▸ Exercise description
All lines between the one holding "Used 2017 Ferrari California T RWD image 19" and the end of the material below, both ends included, should be restated exactly.

******************************

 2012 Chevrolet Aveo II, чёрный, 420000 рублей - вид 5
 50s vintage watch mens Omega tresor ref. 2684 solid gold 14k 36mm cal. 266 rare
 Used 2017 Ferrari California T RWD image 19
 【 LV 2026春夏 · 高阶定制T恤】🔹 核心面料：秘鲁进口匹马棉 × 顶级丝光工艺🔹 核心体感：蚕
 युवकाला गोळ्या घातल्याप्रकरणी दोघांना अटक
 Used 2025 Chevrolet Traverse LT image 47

******************************

▸ Worked solution
 Used 2017 Ferrari California T RWD image 19
 【 LV 2026春夏 · 高阶定制T恤】🔹 核心面料：秘鲁进口匹马棉 × 顶级丝光工艺🔹 核心体感：蚕
 युवकाला गोळ्या घातल्याप्रकरणी दोघांना अटक
 Used 2025 Chevrolet Traverse LT image 47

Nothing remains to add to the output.